A word-for-word copy of the records that follow is needed, with every picture omitted.

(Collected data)
--

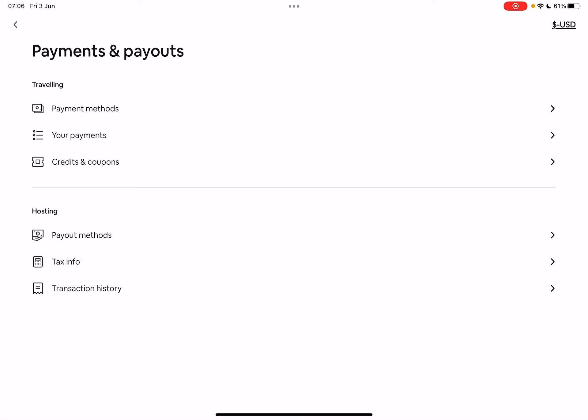That's what we are looking for right now. But also below that, you can see your hosting information for payout methods, tax info, or transaction history, if you are interested in that.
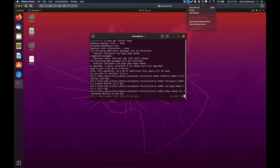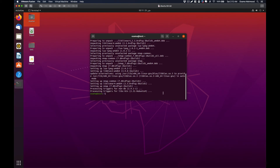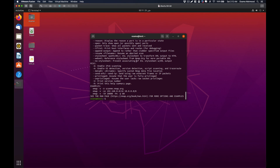nmap has been successfully installed. To verify the installation was successful, just type nmap and hit enter, and it will show you how you can use nmap.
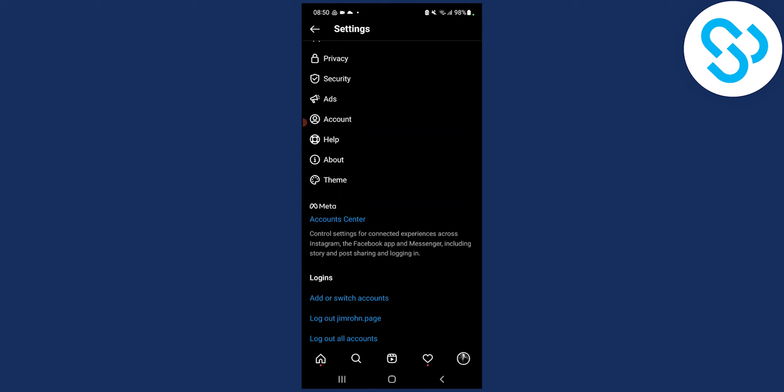Now after you click on log out of all accounts you will be able to switch the account that you want to stay logged in. So for example if you have four accounts you can remove the three and stay with one, and the one account you will stay logged into.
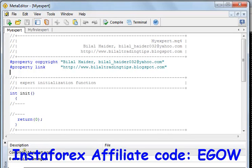Hi friends, this is Bilal Heather and this is my third video on MQL4 programming. Our focus is on expert advisors, and in this video I am going to teach you about a function.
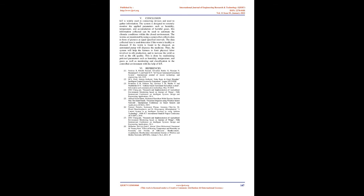Conclusion: IoT is widely used in connecting devices and used to gather information. The system is designed to remotely monitor the applied parameters such as humidity, temperature, and accumulation of harmful gases. This information collected can be used to automate the climatic conditions within the closed environment. The worms are monitored by using a camera that collects data in form of pictures at equal specified intervals. The data collected here is used to determine if the worm is healthy or diseased. If the worm is found to be diseased, an automated pump will dispense the medicine. Thus, the system will help the farmers to limit physical labor involved in silk production and to increase the yield as well as the silk quality. This is done by maintaining precise parameters such as humidity, temperature, and gases as well as monitoring and classification in the controlled environment with the help of IoT. Thank you.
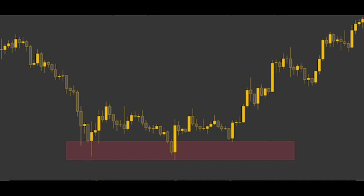Let's go ahead and look at an example of a support level. Note that the price continually entered an area where the asset was bought up. A range support was formed as the area was retested multiple times.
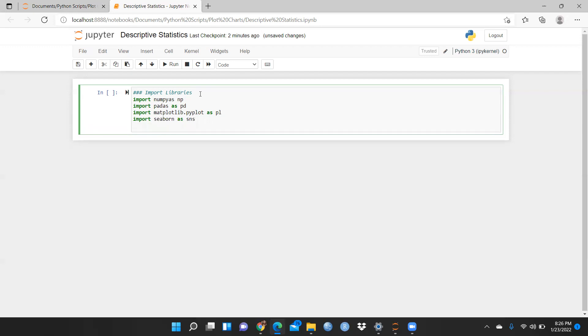And after that, I'm just writing here — percent matplotlib inline. So now we are going to start all these functions.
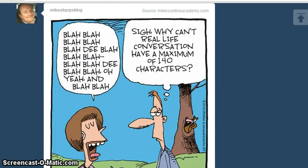Hi guys, in this video I want to show you how to make your images or photos clickable on Tumblr. This can help you drive traffic to your website or blog, as when people click the photo or image, they will go straight to your website. So I'm just going to show you how to do it.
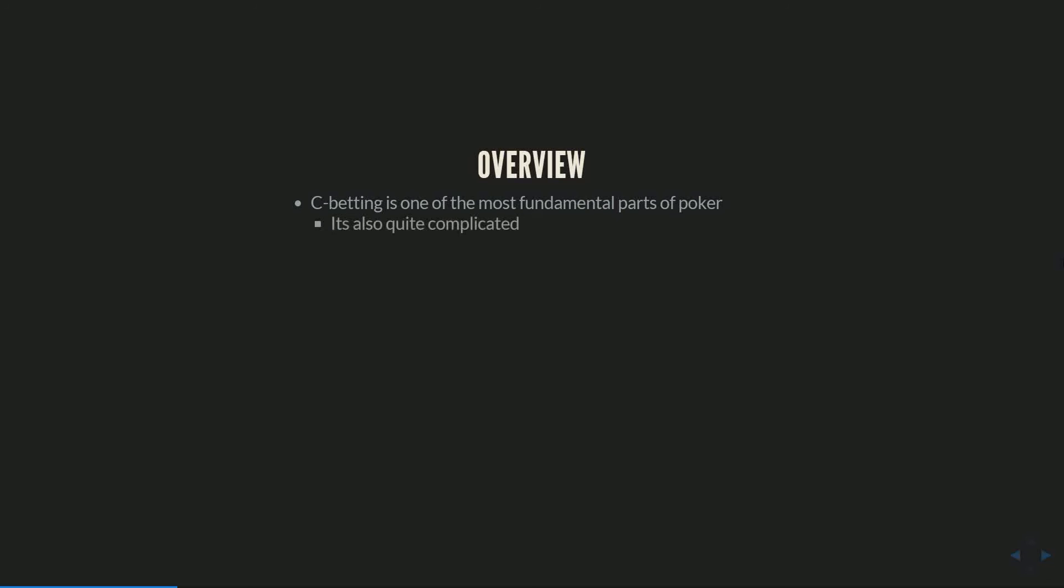In addition to being fundamental, it's also quite complicated. There was a reason I made my first strategy pack about c-bet defense - c-bet defense is actually a much simpler topic than choosing whether to c-bet or not. The basic reason is just that folding is a really, really simple action, so when you're pondering your c-bet defense you're mostly thinking should I fold or not.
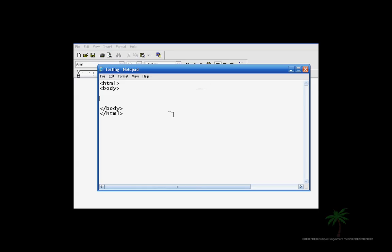Hello and welcome to my 9th HTML tutorial. In this tutorial we are going to be working with checkboxes.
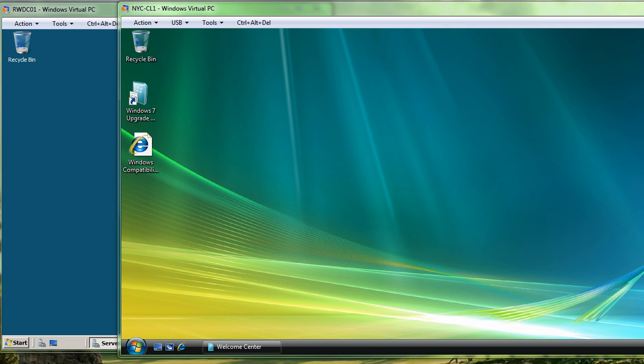Good afternoon, CIS279W7 Windows 7 configuration students. This is a demonstration of exercise 1.2, upgrading Windows Vista to Windows 7.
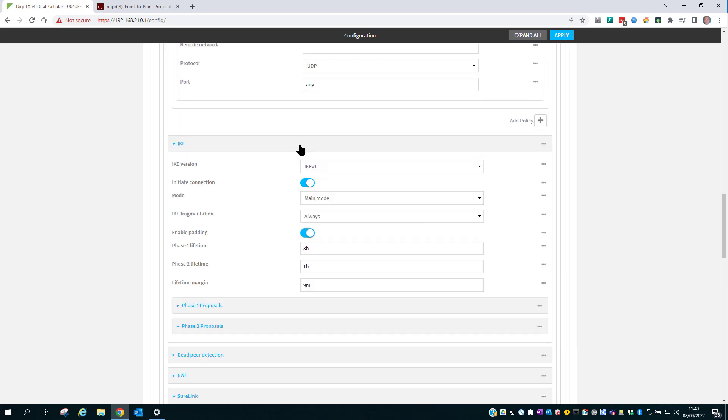And go into the IKE configuration. Disable Initiator mode. So this is only going to be a VPN responder. And then set the proposals.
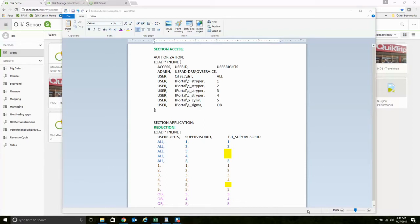Within Qlik Sense, we can lock users down to both rows as well as columns. And by that, here's what I mean.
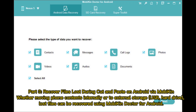Part 3: Recovering files lost during cut and paste on Android via Mobicon. Whether moving phone contents internally or to external storage, USB, or hard drive, lost files can be recovered using Mobicon Doctor for Android.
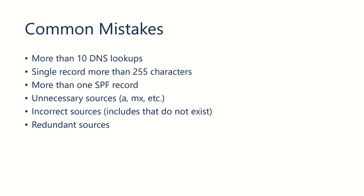Some common mistakes that happen in the creation of an SPF record. One common mistake is having more than 10 DNS lookups.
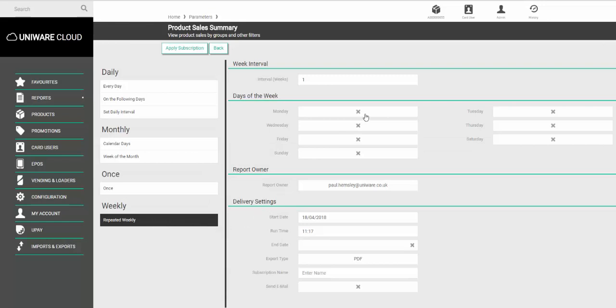On this screen, choose the day you would like the report to come in on. For example, if I click Monday, every Monday the report will come in to show you the previous week's information.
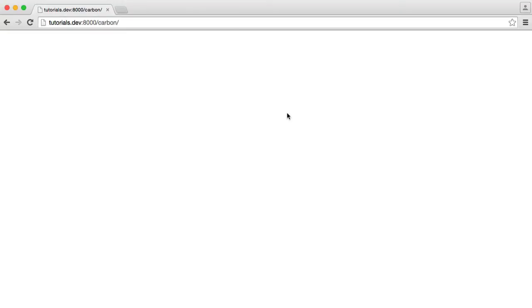One thing that's really difficult to work with when you're working with dates and times is timestamps. So in this video, we're going to look at how Carbon handles timestamps when we're creating dates, however you choose to do that.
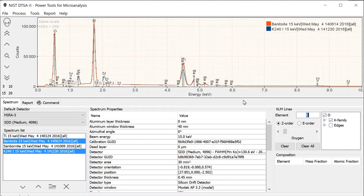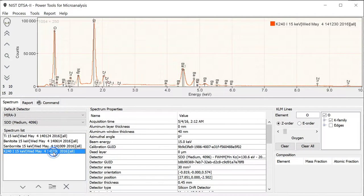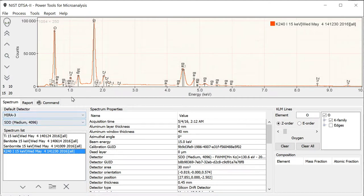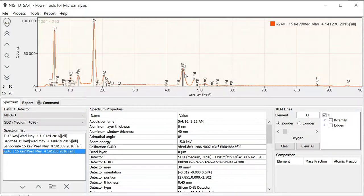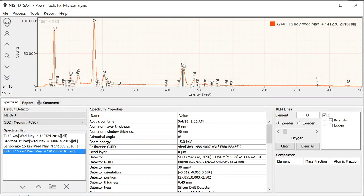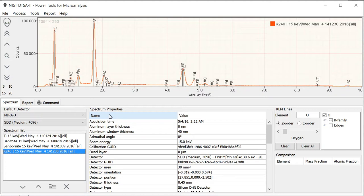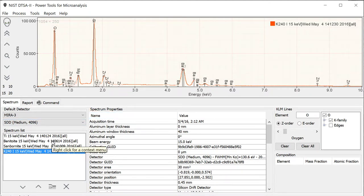Often you want to quantify a material like K240, which is a complex glass containing a number of different elements. We're going to focus on the barium and titanium because they have a particularly nasty overlap in this region. A good strategy when you're quantifying a spectrum is to choose a standard that's similar in composition to the unknown, because this way we minimize the size of the matrix corrections which need to be applied to actually determine the composition.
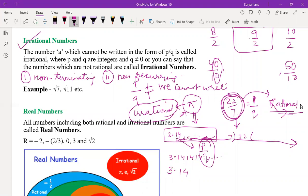Irrational numbers are non-terminating and non-recurring. The decimal expansion keeps going and nothing repeats. For example, 3.14 bar means 3.141414 repeating — that is a rational number. But pi is 3.14159... and it never repeats or terminates, so it is irrational.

--

## Response below:
That's what we are looking for right now. But also below that, you can see your hosting information for payout methods, tax info, or transaction history, if you are interested in that.
nmap has been successfully installed. To verify the installation was successful, just type nmap and hit enter, and it will show you how you can use nmap.
Now after you click on log out of all accounts you will be able to switch the account that you want to stay logged in. So for example if you have four accounts you can remove the three and stay with one, and the one account you will stay logged into.
Hi friends, this is Bilal Heather and this is my third video on MQL4 programming. Our focus is on expert advisors, and in this video I am going to teach you about a function.
Conclusion: IoT is widely used in connecting devices and used to gather information. The system is designed to remotely monitor the applied parameters such as humidity, temperature, and accumulation of harmful gases. This information collected can be used to automate the climatic conditions within the closed environment. The worms are monitored by using a camera that collects data in form of pictures at equal specified intervals. The data collected here is used to determine if the worm is healthy or diseased. If the worm is found to be diseased, an automated pump will dispense the medicine. Thus, the system will help the farmers to limit physical labor involved in silk production and to increase the yield as well as the silk quality. This is done by maintaining precise parameters such as humidity, temperature, and gases as well as monitoring and classification in the controlled environment with the help of IoT. Thank you.
Let's go ahead and look at an example of a support level. Note that the price continually entered an area where the asset was bought up. A range support was formed as the area was retested multiple times.
And after that, I'm just writing here — percent matplotlib inline. So now we are going to start all these functions.
Hi guys, in this video I want to show you how to make your images or photos clickable on Tumblr. This can help you drive traffic to your website or blog, as when people click the photo or image, they will go straight to your website. So I'm just going to show you how to do it.
In addition to being fundamental, it's also quite complicated. There was a reason I made my first strategy pack about c-bet defense - c-bet defense is actually a much simpler topic than choosing whether to c-bet or not. The basic reason is just that folding is a really, really simple action, so when you're pondering your c-bet defense you're mostly thinking should I fold or not.
Hello and welcome to my 9th HTML tutorial. In this tutorial we are going to be working with checkboxes.
Good afternoon, CIS279W7 Windows 7 configuration students. This is a demonstration of exercise 1.2, upgrading Windows Vista to Windows 7.
And go into the IKE configuration. Disable Initiator mode. So this is only going to be a VPN responder. And then set the proposals.
Within Qlik Sense, we can lock users down to both rows as well as columns. And by that, here's what I mean.
Part 3: Recovering files lost during cut and paste on Android via Mobicon. Whether moving phone contents internally or to external storage, USB, or hard drive, lost files can be recovered using Mobicon Doctor for Android.
Some common mistakes that happen in the creation of an SPF record. One common mistake is having more than 10 DNS lookups.
On this screen, choose the day you would like the report to come in on. For example, if I click Monday, every Monday the report will come in to show you the previous week's information.
One thing that's really difficult to work with when you're working with dates and times is timestamps. So in this video, we're going to look at how Carbon handles timestamps when we're creating dates, however you choose to do that.
Often you want to quantify a material like K240, which is a complex glass containing a number of different elements. We're going to focus on the barium and titanium because they have a particularly nasty overlap in this region. A good strategy when you're quantifying a spectrum is to choose a standard that's similar in composition to the unknown, because this way we minimize the size of the matrix corrections which need to be applied to actually determine the composition.
Irrational numbers are non-terminating and non-recurring. The decimal expansion keeps going and nothing repeats. For example, 3.14 bar means 3.141414 repeating — that is a rational number. But pi is 3.14159... and it never repeats or terminates, so it is irrational.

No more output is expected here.